▸ **EXERCISE REQUIREMENTS**: Lines from the one containing "2018 Cadillac XTS" through the end of the material are to be retyped exactly; do not copy pictures.

▸ **TASK DATA**:
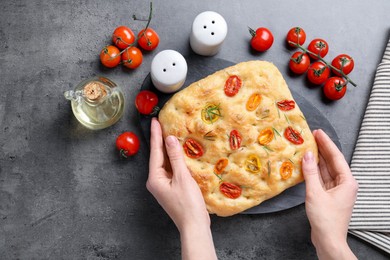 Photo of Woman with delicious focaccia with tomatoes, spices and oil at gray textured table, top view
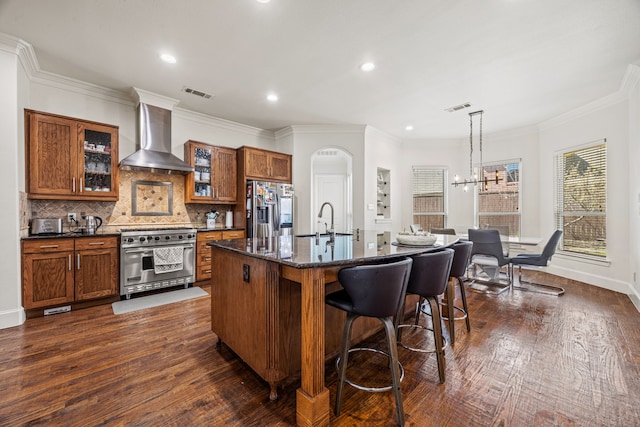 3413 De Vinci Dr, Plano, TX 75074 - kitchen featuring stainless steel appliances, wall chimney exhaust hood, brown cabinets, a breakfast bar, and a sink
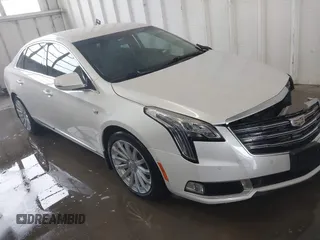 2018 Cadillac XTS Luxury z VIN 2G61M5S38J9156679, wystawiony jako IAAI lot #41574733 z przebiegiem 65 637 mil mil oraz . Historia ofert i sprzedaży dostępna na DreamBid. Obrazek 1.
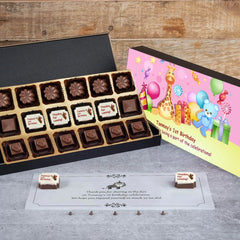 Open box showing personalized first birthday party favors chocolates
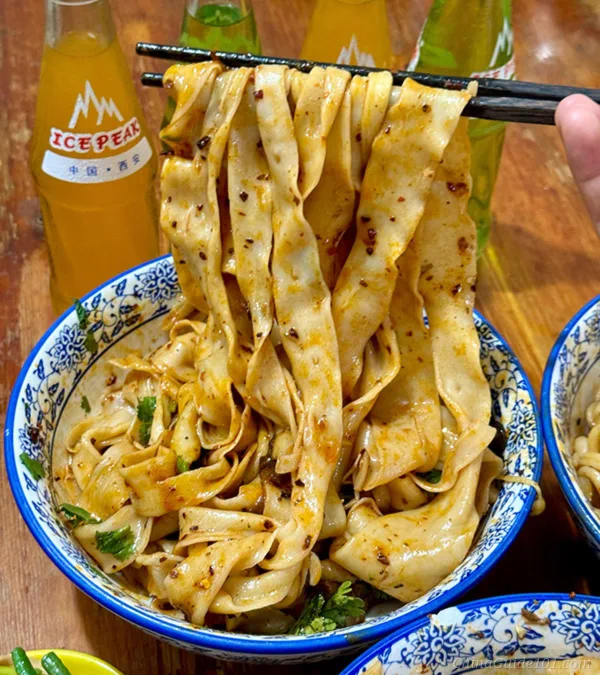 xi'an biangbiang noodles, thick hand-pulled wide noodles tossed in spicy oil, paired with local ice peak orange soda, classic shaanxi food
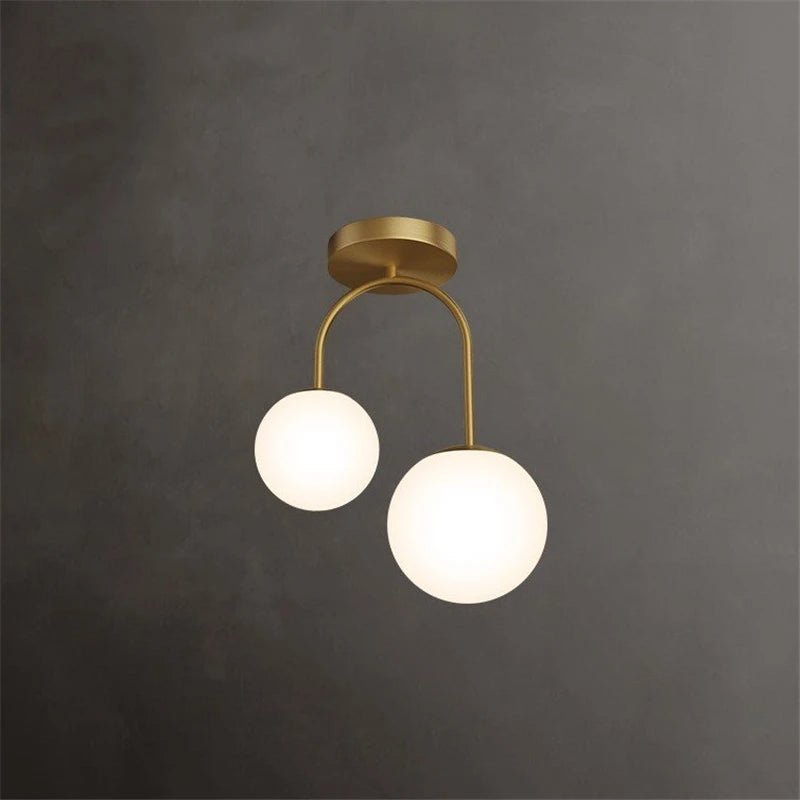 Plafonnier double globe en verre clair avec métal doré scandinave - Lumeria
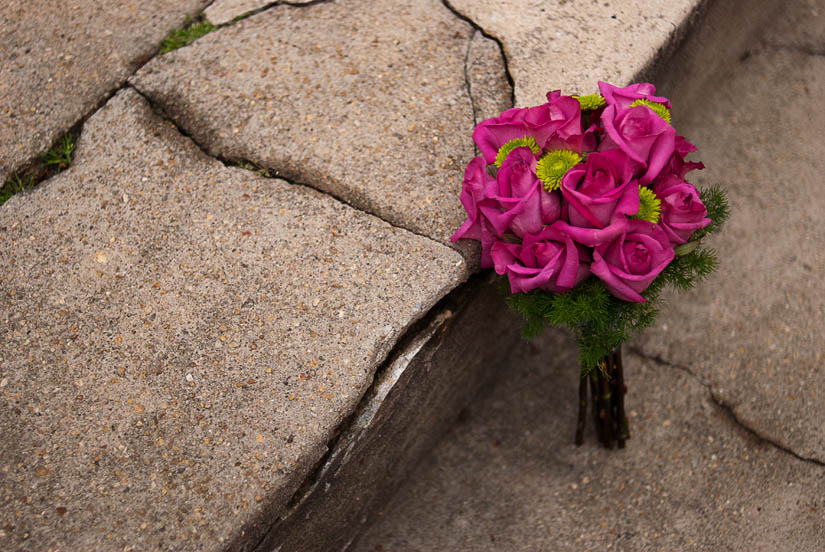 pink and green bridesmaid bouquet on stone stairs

▸ **RESPONSE BOX**:
 2018 Cadillac XTS Luxury z VIN 2G61M5S38J9156679, wystawiony jako IAAI lot #41574733 z przebiegiem 65 637 mil mil oraz . Historia ofert i sprzedaży dostępna na DreamBid. Obrazek 1.
 Open box showing personalized first birthday party favors chocolates
 xi'an biangbiang noodles, thick hand-pulled wide noodles tossed in spicy oil, paired with local ice peak orange soda, classic shaanxi food
 Plafonnier double globe en verre clair avec métal doré scandinave - Lumeria
 pink and green bridesmaid bouquet on stone stairs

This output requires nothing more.